*WHAT THE TASK REQUIRES*:
Could the listing below be returned exactly, with its pictures left out?

BEGIN

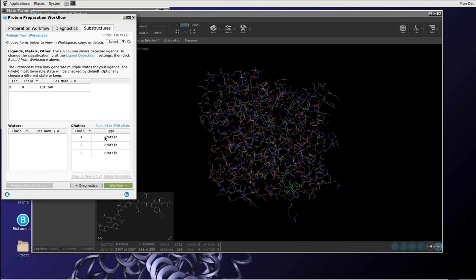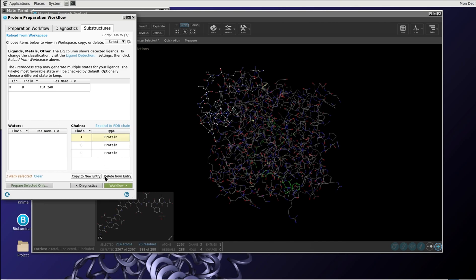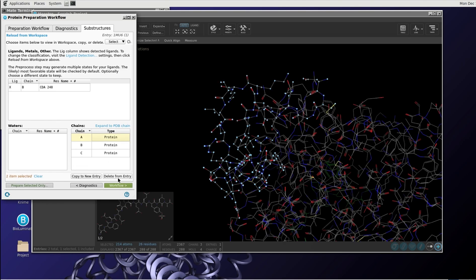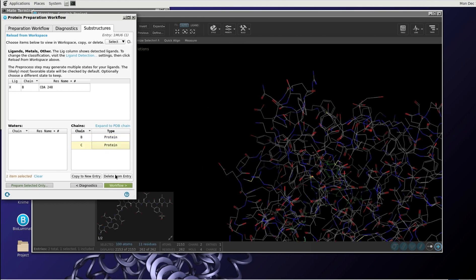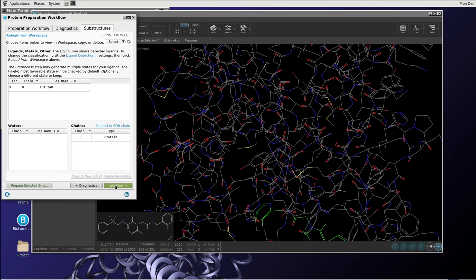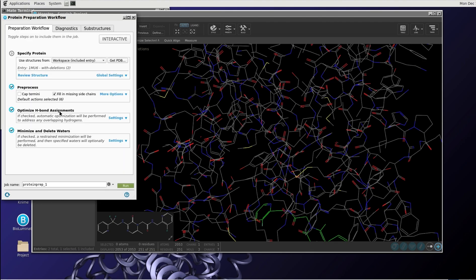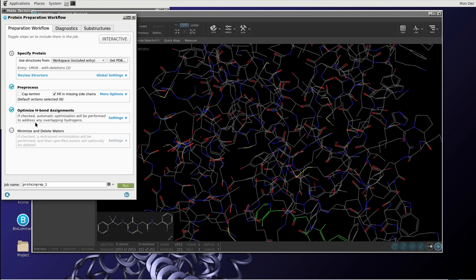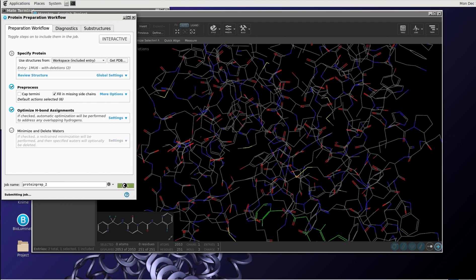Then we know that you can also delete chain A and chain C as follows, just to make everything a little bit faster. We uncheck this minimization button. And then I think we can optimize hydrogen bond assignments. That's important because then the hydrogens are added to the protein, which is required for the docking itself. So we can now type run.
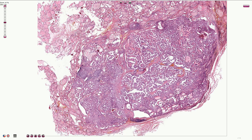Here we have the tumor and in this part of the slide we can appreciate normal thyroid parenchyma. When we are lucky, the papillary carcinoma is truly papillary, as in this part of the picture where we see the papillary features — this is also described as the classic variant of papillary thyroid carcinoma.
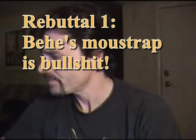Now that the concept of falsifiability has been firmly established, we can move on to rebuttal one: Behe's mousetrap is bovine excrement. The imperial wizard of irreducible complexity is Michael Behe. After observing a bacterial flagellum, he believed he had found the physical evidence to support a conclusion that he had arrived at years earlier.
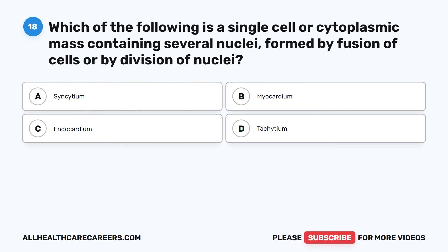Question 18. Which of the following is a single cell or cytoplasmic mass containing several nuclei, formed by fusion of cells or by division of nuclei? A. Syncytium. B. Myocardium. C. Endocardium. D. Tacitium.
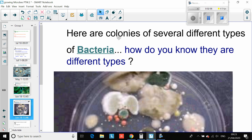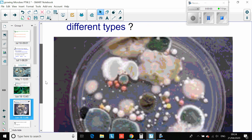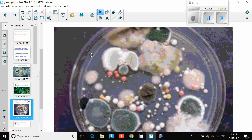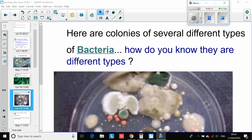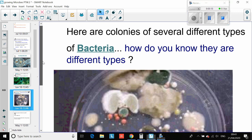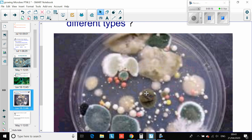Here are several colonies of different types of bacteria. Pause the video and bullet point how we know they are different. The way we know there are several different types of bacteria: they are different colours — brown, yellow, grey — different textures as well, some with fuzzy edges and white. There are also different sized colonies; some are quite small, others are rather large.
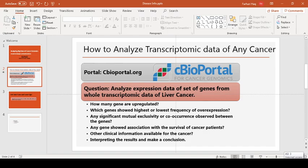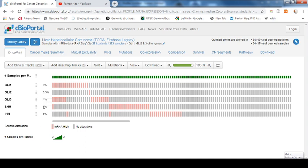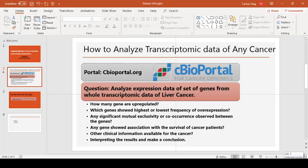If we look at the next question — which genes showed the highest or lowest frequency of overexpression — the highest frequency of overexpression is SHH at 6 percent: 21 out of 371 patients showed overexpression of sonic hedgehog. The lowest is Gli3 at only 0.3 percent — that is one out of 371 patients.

END

*YOUR RESPONSE*:
Then we know that you can also delete chain A and chain C as follows, just to make everything a little bit faster. We uncheck this minimization button. And then I think we can optimize hydrogen bond assignments. That's important because then the hydrogens are added to the protein, which is required for the docking itself. So we can now type run.
Here we have the tumor and in this part of the slide we can appreciate normal thyroid parenchyma. When we are lucky, the papillary carcinoma is truly papillary, as in this part of the picture where we see the papillary features — this is also described as the classic variant of papillary thyroid carcinoma.
Now that the concept of falsifiability has been firmly established, we can move on to rebuttal one: Behe's mousetrap is bovine excrement. The imperial wizard of irreducible complexity is Michael Behe. After observing a bacterial flagellum, he believed he had found the physical evidence to support a conclusion that he had arrived at years earlier.
Question 18. Which of the following is a single cell or cytoplasmic mass containing several nuclei, formed by fusion of cells or by division of nuclei? A. Syncytium. B. Myocardium. C. Endocardium. D. Tacitium.
Here are several colonies of different types of bacteria. Pause the video and bullet point how we know they are different. The way we know there are several different types of bacteria: they are different colours — brown, yellow, grey — different textures as well, some with fuzzy edges and white. There are also different sized colonies; some are quite small, others are rather large.
If we look at the next question — which genes showed the highest or lowest frequency of overexpression — the highest frequency of overexpression is SHH at 6 percent: 21 out of 371 patients showed overexpression of sonic hedgehog. The lowest is Gli3 at only 0.3 percent — that is one out of 371 patients.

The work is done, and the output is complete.